Hayvanların koklaşarak -veya tepişerek hatta bazı durumlarda birbirlerini yiyerek de olsa- anlaştıklarına kuşku yok. Doğanın parçası olarak ve onun ekolojik dengesi içinde, doğadan ve birbirlerinden beslenerek binlerce yıldır bir arada yaşamalarından belli değil mi? Tüfek gibi, insan icat oldu denge (ve mertlik) bozuldu, desem, buna da bozulan “eşrefi mahlukat” çıkabilir ama diyorum. Doğal dengenin bozulmasında ilk ve ana etken insan olarak görünmektedir.

Bu yazının öznesi insan. Çok konuşan, buna oranla az koklaşan, belki de bu nedenle, birbiriyle ve doğayla çok çatışan insan… “İnsan insanın kurdudur” deyişi bence benzetme amaçlı; zira küçüğü büyüğü içinde, insan gibi hemcinsini yiyen hayvan pek yok; açlıktan ölme durumu dışında, ki, insanların da böyle durumlarda birbirini yemesi yasal ve dinsel olarak caiz. Balıklar bile genellikle başka tür balıkları yiyerek beslenir. İnsan ilk silahları (vahşi) hayvanlardan korunmak ve onları avlamak amacıyla edinmiş görünmektedir. Sonrası belli; giderek bu amaçla hiç ilgisi olmayan silahlar geliştirildi, hayvanlara karşı kullanma amaçlı olanlar bunlara göre ilkel kaldı. Günümüzde mikroskobik olanından en irisine dek tüm hayvanları öldürmeye yetecek silahların yüzlerce katı üretilmişse bunun nedeni ne olabilir?

“İnsanlar konuşa konuşa anlaşır” olsaydı bunca silaha ve bu silahları konuşturmaya gereksinimleri olur muydu? Ne yazık ki, iletişim, anlaşma, barış ve sevgi aracı olabilen dil, nefret, düşmanlık, kavga aracı; soğuk ve kirli savaşlarda silah olarak da kullanılabilmektedir. Bunun bir neden, her topluluğun, toplumun, ulusun ortak dilinin kullanım olarak birçok dili içkin olmasıdır.

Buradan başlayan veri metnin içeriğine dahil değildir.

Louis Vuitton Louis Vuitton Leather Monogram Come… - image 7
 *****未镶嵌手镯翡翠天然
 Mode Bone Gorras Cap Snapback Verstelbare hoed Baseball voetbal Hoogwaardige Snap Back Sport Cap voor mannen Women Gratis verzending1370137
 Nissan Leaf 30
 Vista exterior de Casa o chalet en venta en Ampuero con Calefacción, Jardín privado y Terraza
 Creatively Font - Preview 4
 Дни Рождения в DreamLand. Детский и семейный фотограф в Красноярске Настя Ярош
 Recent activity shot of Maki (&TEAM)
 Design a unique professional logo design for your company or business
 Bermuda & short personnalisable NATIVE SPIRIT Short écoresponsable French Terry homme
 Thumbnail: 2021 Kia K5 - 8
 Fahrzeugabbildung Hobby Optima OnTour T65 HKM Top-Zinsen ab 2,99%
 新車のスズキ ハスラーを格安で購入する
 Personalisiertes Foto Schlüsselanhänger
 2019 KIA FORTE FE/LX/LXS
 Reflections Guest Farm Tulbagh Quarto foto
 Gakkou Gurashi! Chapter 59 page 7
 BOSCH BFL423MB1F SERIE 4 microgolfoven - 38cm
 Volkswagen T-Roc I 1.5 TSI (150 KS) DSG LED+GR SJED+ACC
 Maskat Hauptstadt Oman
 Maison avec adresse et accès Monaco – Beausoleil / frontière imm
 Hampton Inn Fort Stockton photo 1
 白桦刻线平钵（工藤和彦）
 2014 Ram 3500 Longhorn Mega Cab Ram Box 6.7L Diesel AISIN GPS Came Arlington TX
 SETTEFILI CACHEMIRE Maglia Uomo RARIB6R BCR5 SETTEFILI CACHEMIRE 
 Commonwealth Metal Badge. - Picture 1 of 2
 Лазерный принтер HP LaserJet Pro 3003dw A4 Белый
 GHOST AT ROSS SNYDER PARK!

Başka bir deyişle her dil, içinde, her biri başka bir amaca dönük kullanımda ortaya çıkan değişik diller barındırır; sevgi dili, nefret dili, savaş veya barış dili, iyicil veya kötücül dil gibi. Aynı sözcükler bu farklı dillere göre farklı anlamlar kazanır; aynı tümceler farklı içeriklere kavuşurlar. Bu farklılık bazı durumlarda eş anlamlı ve/ya eski-yeni sözcük kullanımı biçiminde ortaya çıkar ve farklı düşüncelerin, felsefelerin, ideolojilerin, siyasetlerin, örgütlerin aynı dille oluşturdukları kendilerine özgü dillerini belirler, aralarındaki ayrım çizgisini oluşturur veya kalınlaştırır. Tek sözcüğün anlamı konusunda anlaşamama bile, dinlerde mezheplerin, ideolojilerde fraksiyonların doğmasına ebelik edebilir. Farklı amaç ve niyetlerin yanında yanlış, eksik anlatım ve anlamalar da öyle. Bu bağlamda Konfüçyüs dilin önemini şöyle vurdular: “Dil kusurlu olursa, sözcükler düşünceleri iyi anlatamaz. Düşünceler iyi anlatılamazsa, yapılması gereken şeyler doğru yapılamaz. Ödevler gereği gibi yapılmazsa töre ve kültür bozulur. Töre ve kültür bozulursa, adalet yanlış yola sapar. Adalet yoldan çıkarsa şaşkınlık içine düşen halk ne yapacağını, işin nereye varacağını bilemez. İşte bunun içindir ki, hiçbir şey dil kadar önemli değildir.”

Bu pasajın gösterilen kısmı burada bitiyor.